Through our review of the studies in this field, we have identified areas that require improvement to drive technological advancements. First, the training data rather than the algorithm framework is the essence of determining algorithm performance. However, due to gaps in specialized knowledge and the confidentiality requirement of medical data, we have not yet encountered research that can truly be considered “big data”. Such research should encompass diverse ages, races, and other variables to minimize bias and include a broader range of pathologies, such as internal fixation, infections, and deformities, to ensure applicability. Second, most related studies are conducted by engineers rather than clinicians, resulting in a primary focus on algorithm design. Many studies lack detailed reports on patient inclusion and ground truth establishment, which may limit the models’ applicability. Therefore, closer collaboration between engineers and clinicians is essential for further research. Third, although no significant differences were observed in the subgroup analysis, we still recommend that future studies employ more 3D MRI data, as it provides richer detail and aids subsequent applications. A considerable number of studies train segmentation on specific slices, such as midsagittal slices, which, while providing critical information, are not sufficiently suitable for direct clinical application. Finally, as many scholars have recently highlighted, the practical issues of software implementation of models, ethical approval, and cost-effectiveness must be addressed in future research [7, 10]. Despite these challenges, current advancements demonstrate a promising outlook for the application of DL technology. Therefore, continuing to explore ways for DL technology to provide tangible benefits to clinicians and patients remains worthwhile.

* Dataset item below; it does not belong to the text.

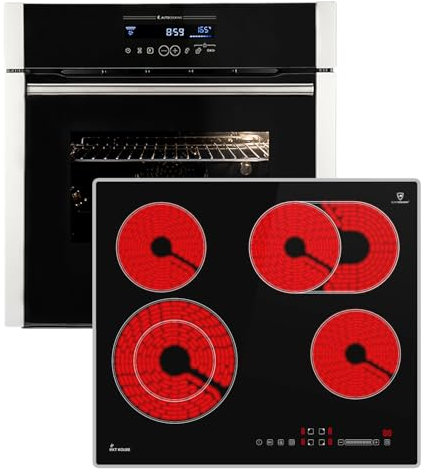 Autarkes Herdset: 60cm Einbaubackofen EB8016ED + 59cm Kochfeld CH5901AL | Katalyse | Drehspieß | Pizzafunktion | Grill | Heißluft | Teleskopauszüge | Automatik-Timer | SET8016CH59AL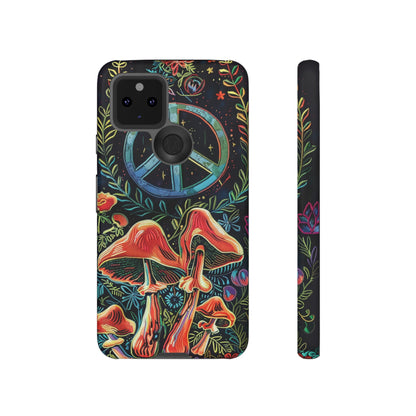 Embroidery Style Magic Mushrooms and Peace Sign Phone Case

Additionally, this systematic review and meta-analysis have some limitations. First, there are certain discrepancies in the reporting metrics of the reviewed studies, and many do not provide complete data on segmentation performance, such as standard deviations or confidence intervals, resulting in a limited number of studies that can be included in quantitative summaries. Second, image segmentation requires less complete patient baseline data compared to diagnostic and prognostic studies, however, the heterogeneity of datasets may still limit the significance of this study’s results. Third, there is currently very limited peer review and external validation of the models.

Conclusion

In conclusion, the DL algorithm enables automatic segmentation of IVDs in MRI imaging with relatively satisfactory performance. This technology has potential applications in diagnosis, measurement and evaluation, and surgical planning. However, the current results should be interpreted with caution due to limitations, such as small sample sizes, differences in reporting metrics, and lack of external validation of the algorithms.

In future studies, it is recommended to use larger and more diverse datasets for training, and to promote external validation and applied research of the algorithms. Clinicians and DL experts can work together to guide this technology and bring tangible benefits to patients and clinical practice.